A- Infractions relatives à la constitution des sociétés

Constitue une infraction pénale :

  • Le fait, pour les fondateurs, le président-directeur général, le directeur général, l’administrateur général ou l’administrateur général adjoint d’une société anonyme d’émettre des actions avant l’immatriculation ou à n’importe quelle époque lorsque l’immatriculation est obtenue par fraude ou que la société est irrégulièrement constituée.

Sanctions :

  • Une peine d’amende de 250.000 à 1.000.000 FCFA.

 

Encourent une sanction pénale :

  1. Ceux qui, sciemment, par l’établissement de la déclaration notariée de souscription et de versement ou du certificat du dépositaire, auront affirmé sincères et véritables des souscriptions qu’ils savaient fictives ou auront déclaré que les fonds qui n’ont pas été mis définitivement à la disposition de la société ont été effectivement versés ;
  2. Ceux qui auront remis au notaire ou au dépositaire, une liste des actionnaires ou des bulletins de souscription et de versement mentionnant des souscriptions fictives ou des versements de fonds qui n’ont pas été mis définitivement à la disposition de la société ;
  3. Ceux qui sciemment, par simulation de souscription ou de versement ou par publication de souscription ou de versement qui n’existent pas ou de tous autres faits faux, auront obtenu ou tenté d’obtenir des souscriptions ou des versements ;
  4. Ceux qui, sciemment, pour provoquer des souscriptions ou des versements auront publié les noms de personnes désignées contrairement à la vérité comme étant ou devant être attachées à la société à un titre quelconque ; ceux qui, frauduleusement, auront fait attribuer à un apport en nature, une évaluation supérieure à sa valeur réelle.

Sanctions :

  • Un emprisonnement d’un an à cinq ans et une amende de 500.000 à 2.000.000 FCFA ou une ces peines.
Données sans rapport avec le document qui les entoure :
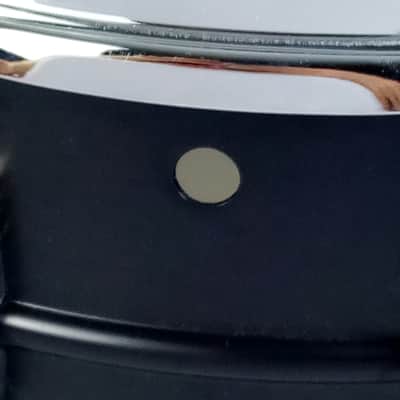 Ludwig 402 Supraphonic 6.5x14" 70s Matte Black Beauty Anodized Ludalloy Aluminum image 2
B- Infractions se rapportant à la gérance, à l’administration et à la direction des sociétés       

Encourent une sanction pénale :

  • Ceux qui ont sciemment négocié : 1°) des actions non entièrement libérées ; 2°) des actions de numéraire pour lesquelles le versement du quart du nominal n’a pas été effectué ;

Sanctions :

  • Un emprisonnement d’un mois à trois mois et une amende de 250.000 à 1.000.000 FCFA ou une de ces peines.

 

  • Les dirigeants sociaux qui, en l’absence d’inventaire ou au moyen d’inventaire frauduleux, ont, sciemment, opéré entre les actionnaires ou les associés la répartition de dividendes fictifs ;
  • Sanctions :

Un emprisonnement d’un an à cinq ans et une amende de 500.000 à 5.000.000 FCFA.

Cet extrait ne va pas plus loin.